4.1. Performance Metrics Interpretation of PHASE #1
The effectiveness of the individual statistical models used to predict the nitrogen content in molten pig iron after desulfurization (PHASE #1) is summarized in
Table 10. This summary is based on the results of the individual statistical methods that were used to make these predictions.

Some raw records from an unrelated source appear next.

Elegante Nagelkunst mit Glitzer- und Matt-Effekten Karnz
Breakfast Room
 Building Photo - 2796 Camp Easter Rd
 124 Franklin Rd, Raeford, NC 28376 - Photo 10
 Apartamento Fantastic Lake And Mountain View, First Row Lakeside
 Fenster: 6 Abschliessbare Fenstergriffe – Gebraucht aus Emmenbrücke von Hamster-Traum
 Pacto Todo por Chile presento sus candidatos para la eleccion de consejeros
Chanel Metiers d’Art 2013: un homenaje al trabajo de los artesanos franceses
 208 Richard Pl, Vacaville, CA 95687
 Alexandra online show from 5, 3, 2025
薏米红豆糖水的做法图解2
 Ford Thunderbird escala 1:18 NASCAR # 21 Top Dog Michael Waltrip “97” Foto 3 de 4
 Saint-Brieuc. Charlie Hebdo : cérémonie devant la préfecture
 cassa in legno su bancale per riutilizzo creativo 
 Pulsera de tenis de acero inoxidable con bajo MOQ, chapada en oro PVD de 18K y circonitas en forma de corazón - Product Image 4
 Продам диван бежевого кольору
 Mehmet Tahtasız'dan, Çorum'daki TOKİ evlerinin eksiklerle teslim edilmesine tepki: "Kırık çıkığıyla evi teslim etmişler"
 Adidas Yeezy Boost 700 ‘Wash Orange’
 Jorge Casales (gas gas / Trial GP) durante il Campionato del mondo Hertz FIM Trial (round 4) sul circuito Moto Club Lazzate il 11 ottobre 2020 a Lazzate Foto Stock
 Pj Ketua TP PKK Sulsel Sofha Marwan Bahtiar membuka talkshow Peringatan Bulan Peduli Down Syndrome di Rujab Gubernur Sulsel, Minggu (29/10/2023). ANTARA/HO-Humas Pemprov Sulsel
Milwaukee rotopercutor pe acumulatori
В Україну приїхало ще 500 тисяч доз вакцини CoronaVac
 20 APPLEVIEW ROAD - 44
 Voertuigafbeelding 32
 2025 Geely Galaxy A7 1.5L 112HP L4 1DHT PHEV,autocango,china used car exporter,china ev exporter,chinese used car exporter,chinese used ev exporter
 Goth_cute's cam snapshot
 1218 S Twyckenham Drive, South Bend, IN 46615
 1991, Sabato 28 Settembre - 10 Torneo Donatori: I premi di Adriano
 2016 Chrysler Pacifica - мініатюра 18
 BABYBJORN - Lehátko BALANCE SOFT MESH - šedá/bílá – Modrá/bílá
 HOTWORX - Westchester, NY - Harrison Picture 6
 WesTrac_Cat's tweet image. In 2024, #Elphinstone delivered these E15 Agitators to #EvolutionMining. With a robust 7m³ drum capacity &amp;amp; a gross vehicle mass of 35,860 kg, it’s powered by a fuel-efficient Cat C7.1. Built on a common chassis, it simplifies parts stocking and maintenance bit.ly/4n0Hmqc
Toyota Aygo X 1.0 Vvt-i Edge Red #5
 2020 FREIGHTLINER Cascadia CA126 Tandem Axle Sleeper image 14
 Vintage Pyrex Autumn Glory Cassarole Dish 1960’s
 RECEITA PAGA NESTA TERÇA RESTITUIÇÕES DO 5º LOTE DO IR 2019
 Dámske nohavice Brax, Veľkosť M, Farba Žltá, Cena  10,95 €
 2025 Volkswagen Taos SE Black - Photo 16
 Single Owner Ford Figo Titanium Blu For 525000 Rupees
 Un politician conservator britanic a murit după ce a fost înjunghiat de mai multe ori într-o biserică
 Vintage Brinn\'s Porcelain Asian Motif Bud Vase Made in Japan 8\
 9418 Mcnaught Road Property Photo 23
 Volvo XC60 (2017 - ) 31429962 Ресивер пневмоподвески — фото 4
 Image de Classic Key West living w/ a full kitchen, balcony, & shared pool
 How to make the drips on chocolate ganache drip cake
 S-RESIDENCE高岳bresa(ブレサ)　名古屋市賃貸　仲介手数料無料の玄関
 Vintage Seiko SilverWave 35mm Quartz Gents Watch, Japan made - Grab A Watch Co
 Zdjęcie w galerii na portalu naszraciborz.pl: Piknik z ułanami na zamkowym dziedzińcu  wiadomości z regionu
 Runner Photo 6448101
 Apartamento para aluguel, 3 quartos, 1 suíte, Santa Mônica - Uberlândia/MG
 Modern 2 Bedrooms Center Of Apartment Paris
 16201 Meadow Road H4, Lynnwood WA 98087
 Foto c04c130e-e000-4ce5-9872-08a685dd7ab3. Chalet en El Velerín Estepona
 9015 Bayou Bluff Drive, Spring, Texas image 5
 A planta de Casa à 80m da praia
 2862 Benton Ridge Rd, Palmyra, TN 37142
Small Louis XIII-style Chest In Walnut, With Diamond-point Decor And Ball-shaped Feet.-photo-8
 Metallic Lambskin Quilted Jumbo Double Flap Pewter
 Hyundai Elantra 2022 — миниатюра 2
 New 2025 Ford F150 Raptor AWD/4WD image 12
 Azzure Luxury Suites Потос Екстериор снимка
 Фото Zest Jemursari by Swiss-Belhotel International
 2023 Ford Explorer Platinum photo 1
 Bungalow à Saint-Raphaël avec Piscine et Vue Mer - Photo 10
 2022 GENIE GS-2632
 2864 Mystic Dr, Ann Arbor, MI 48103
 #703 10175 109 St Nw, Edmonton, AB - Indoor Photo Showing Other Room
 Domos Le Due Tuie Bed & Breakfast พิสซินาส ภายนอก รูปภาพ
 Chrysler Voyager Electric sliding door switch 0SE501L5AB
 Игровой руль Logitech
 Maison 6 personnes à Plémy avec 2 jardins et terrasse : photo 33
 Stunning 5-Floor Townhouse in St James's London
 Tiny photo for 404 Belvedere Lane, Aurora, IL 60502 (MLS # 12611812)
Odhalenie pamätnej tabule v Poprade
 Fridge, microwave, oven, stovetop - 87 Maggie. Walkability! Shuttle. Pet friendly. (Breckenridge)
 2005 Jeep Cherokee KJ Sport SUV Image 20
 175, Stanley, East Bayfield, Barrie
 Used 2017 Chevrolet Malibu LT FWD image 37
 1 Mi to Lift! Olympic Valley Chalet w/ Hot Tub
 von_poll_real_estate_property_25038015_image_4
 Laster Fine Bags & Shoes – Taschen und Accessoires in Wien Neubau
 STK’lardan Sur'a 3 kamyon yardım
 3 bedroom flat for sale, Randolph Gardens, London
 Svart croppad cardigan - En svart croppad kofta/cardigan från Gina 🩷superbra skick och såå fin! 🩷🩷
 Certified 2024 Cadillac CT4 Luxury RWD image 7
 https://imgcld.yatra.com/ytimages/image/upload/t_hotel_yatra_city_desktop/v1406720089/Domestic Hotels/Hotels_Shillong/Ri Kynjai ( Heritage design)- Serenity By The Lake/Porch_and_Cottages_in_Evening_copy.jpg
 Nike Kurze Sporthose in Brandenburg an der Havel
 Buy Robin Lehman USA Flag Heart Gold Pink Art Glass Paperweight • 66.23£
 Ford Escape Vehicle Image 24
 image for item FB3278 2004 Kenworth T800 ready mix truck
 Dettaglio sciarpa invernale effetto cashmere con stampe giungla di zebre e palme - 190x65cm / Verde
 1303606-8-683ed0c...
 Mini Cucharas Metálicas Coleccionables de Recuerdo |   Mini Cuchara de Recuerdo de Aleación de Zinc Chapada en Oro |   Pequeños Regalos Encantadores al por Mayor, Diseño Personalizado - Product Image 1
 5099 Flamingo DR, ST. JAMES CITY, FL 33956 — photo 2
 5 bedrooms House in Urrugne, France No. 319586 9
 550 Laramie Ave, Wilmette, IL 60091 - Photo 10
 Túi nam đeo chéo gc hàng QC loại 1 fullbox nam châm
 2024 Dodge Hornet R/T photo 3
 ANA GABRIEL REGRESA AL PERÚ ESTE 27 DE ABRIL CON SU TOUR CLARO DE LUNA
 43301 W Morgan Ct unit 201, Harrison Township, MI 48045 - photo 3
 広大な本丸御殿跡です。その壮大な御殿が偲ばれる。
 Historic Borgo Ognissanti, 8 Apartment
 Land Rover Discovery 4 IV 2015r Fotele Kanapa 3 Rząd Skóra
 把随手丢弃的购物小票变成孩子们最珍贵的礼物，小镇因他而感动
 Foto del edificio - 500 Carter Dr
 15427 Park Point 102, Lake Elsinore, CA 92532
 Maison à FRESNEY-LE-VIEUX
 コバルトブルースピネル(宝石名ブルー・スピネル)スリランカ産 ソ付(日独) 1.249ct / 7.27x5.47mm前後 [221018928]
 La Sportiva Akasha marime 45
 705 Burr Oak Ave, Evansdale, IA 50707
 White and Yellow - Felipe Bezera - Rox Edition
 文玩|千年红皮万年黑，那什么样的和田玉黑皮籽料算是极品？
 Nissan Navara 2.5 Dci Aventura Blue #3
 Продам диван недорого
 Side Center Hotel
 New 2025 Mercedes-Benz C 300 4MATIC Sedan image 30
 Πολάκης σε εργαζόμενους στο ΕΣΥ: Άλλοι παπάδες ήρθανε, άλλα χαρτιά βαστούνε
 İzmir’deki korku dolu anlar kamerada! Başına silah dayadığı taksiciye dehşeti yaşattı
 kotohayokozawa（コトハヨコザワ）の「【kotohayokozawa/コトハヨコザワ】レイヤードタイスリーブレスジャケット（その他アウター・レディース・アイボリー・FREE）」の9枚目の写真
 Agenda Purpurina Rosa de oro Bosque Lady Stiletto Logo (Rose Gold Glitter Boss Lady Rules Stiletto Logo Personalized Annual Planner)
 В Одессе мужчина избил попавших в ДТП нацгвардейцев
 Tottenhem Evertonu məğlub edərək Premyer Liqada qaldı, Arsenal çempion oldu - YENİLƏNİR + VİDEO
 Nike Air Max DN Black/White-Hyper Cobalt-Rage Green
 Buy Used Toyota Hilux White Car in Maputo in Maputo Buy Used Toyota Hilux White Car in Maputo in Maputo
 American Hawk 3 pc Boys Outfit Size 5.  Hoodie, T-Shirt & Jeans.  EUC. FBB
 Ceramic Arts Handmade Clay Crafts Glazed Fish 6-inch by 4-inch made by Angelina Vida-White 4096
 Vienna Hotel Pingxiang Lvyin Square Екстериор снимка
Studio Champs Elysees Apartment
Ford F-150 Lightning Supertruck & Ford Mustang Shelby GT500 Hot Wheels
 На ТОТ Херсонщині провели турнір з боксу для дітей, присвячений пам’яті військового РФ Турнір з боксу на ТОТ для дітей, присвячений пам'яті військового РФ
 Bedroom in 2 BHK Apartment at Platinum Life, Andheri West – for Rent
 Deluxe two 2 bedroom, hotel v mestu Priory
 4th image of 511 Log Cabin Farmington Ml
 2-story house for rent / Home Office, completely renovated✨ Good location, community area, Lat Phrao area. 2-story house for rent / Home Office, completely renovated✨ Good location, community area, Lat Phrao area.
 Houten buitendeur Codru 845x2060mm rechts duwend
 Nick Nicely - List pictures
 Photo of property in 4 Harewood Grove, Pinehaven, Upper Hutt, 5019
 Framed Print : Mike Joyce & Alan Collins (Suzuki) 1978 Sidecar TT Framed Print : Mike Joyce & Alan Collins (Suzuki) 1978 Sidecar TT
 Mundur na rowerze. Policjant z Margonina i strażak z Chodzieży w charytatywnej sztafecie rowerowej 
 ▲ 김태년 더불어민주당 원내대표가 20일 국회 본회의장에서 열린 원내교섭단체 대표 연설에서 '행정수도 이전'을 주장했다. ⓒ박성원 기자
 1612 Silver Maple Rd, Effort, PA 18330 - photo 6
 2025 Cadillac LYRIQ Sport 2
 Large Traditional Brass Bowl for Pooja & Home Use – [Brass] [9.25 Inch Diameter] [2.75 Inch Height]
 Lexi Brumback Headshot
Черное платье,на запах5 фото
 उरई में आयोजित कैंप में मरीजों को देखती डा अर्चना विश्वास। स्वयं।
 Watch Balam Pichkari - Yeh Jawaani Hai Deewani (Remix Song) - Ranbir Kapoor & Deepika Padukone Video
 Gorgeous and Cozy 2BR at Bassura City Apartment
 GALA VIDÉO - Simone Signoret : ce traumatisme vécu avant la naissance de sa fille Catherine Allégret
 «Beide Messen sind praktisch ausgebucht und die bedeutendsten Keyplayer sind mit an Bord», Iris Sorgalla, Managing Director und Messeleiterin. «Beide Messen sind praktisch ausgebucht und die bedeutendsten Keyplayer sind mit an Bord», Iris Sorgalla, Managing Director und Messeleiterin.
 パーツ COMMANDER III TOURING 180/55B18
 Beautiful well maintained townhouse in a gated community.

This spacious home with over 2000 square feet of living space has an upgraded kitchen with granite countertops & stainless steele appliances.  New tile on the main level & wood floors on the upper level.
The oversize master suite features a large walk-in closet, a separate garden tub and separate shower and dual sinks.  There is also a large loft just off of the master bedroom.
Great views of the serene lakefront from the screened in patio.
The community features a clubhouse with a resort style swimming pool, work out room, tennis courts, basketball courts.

Ridge regression achieved the highest accuracy of 84.59% in PHASE #1, closely followed by linear regression (83.70%) and Random Forest (82.52%). The strong performance of regularized and standard linear models indicates that the relationship between the 14 input features and nitrogen content in desulphurised pig iron is predominantly linear in nature. This finding aligns with the thermodynamic understanding of nitrogen dissolution during desulphurization, where the primary mechanisms—nitrogen carrier gas dissolution through the metal–gas interface, sulfur removal freeing active sites for nitrogen adsorption, and temperature-dependent solubility governed by Sievert’s law—exhibit approximately linear dependencies within the observed operational ranges.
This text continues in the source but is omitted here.